C’est en 2019 que les bêtes de François Delarozière ont fait leur entrée à Calais : le bricoleur tout terrain avait alors construit un animal crachant eau et feu, de 72 tonnes et 25 mètres de long. Ce « Dragon » a rapidement pris place dans la vie quotidienne des Calaisiens et Calaisiennes, élisant domicile sur le front de mer. Ce dernier a fait ce week-end la rencontre d’un nouveau compagnon, doté comme lui de puissantes écailles, mais légèrement moins haut : un varan de 22 tonnes et près de 15 mètres de longueur. Comment, dès lors, cohabiter dans la ville ?

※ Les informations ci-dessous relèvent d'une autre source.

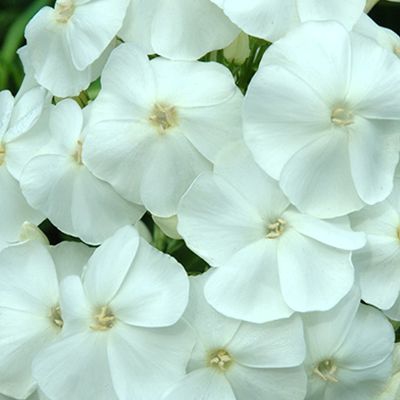 Flox metlinatý  Sweet Summer ’Snow’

Comme il l’avait fait Toulouse avec son Minotaure, François Delarozière a eu l’idée de festivités sur trois jours qui racontent la joute entre les deux reptiles. Un tel combat n’était toutefois pas possible sans son œuvre phare, Lilith, habituée du Hellfest et inspirée du personnage mythique du même nom, à la tête de femme et au corps mêlant pattes d’araignée et queue de scorpion. Pas de quoi inquiéter les plus jeunes : les centres socio-culturels et les écoles ont travaillé, plusieurs mois durant, l’accueil de ces étranges machines avec dessins et épîtres aux personnages. Les enfants étaient donc prêt·es à recevoir ces hôtes extraordinaires.

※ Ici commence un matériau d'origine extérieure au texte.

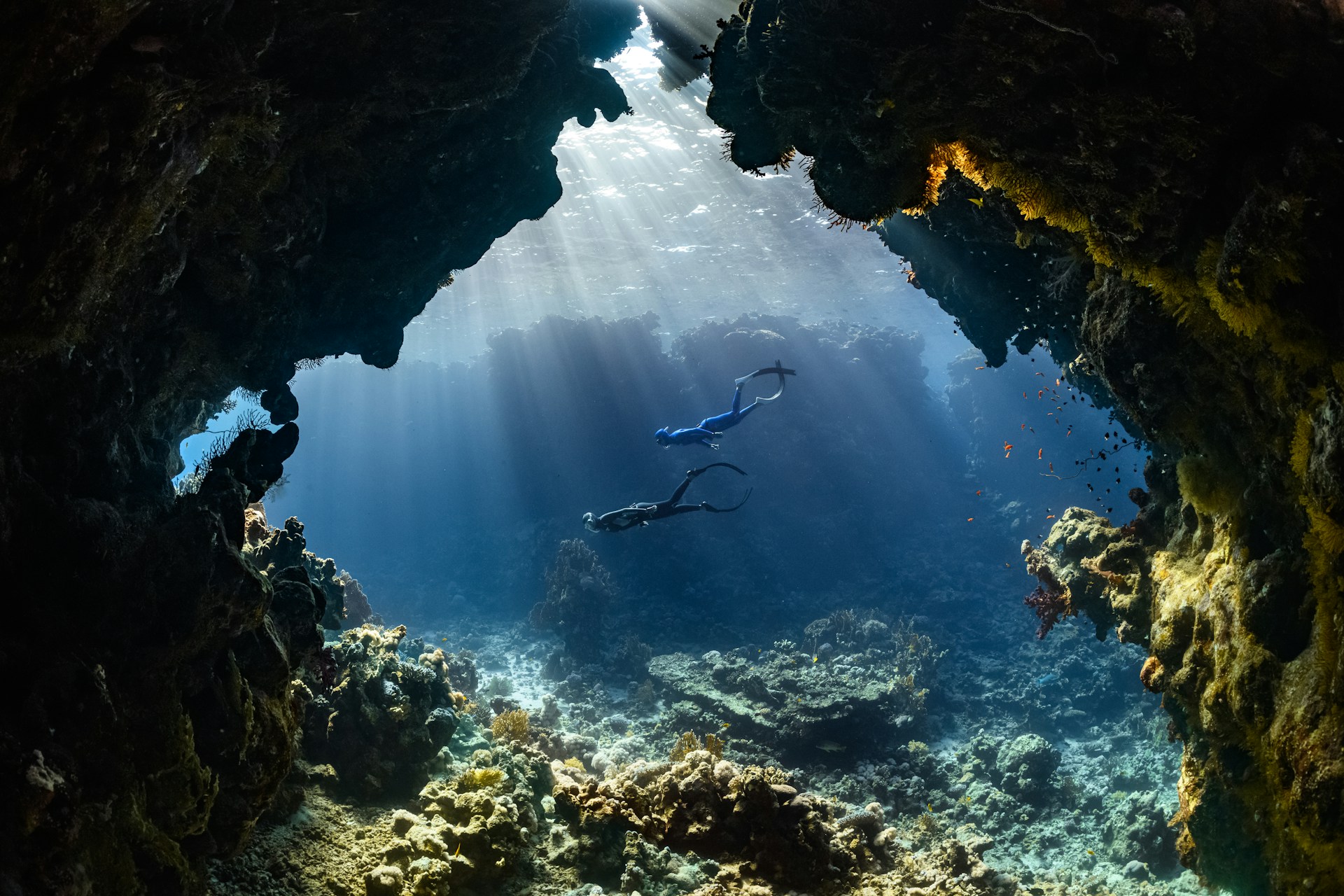 Neom yx7TJle8LhM unsplash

Les rues et le port de Calais étaient en effet bondées de familles venues apercevoir les combats ou dénicher, au hasard des carrefours, tel monstre de cette mythologie nouvelle, véritable syncrétisme de différentes traditions légendaires. Mais l’œil n’est pas attiré que par la narration : le regard se tourne aussi vers la mécanique de ces imposantes machines, dont la précision d’horlogerie demande de l’attention, puisqu’il faut pas moins de six personnes pour manipuler le Varan. Loin de détruire la magie du moment, la conscience de ces nécessités techniques participe de l’émerveillement.

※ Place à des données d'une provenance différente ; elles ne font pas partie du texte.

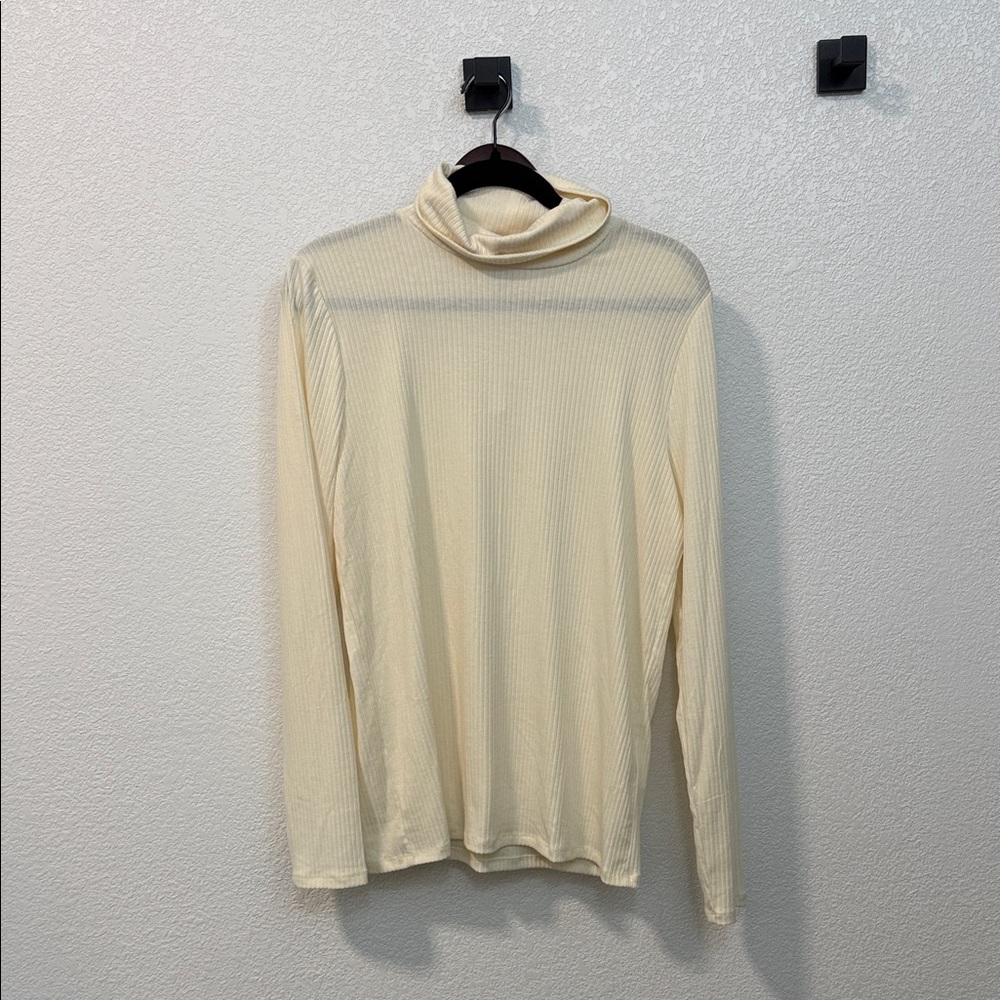 Madewell Cream Turtleneck Sweater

C’était toutefois le soir que les chimères, comme les appelle leur créateur, prenaient toute leur ampleur. Ainsi de l’épisode de « L’Initiation au feu », sur le port de marchandises de Calais. Entre deux énormes grues aux allures un rien vintage, tout droit sorties d’un Adèle Blanc-sec, un orchestre était juché sur deux nacelles, accompagnant les confrontations de la musique de Mino Malan. Devant, les deux reptiles et, un peu plus loin, Lilith, la « Gardienne des ténèbres ». Le feu, au cœur de ce passage, se reflétait avec bonheur dans le corps des monstres, ocrant les écailles d’un orange mordoré. Et c’était sans doute là l’un des plaisirs de ces spectacles : l’articulation entre l’immensité des bêtes et le soin apporté aux plus minuscules des détails.
Le Varan de Voyage, par la Machine et François Delarozière. A Calais les 7, 8 et 9 novembre.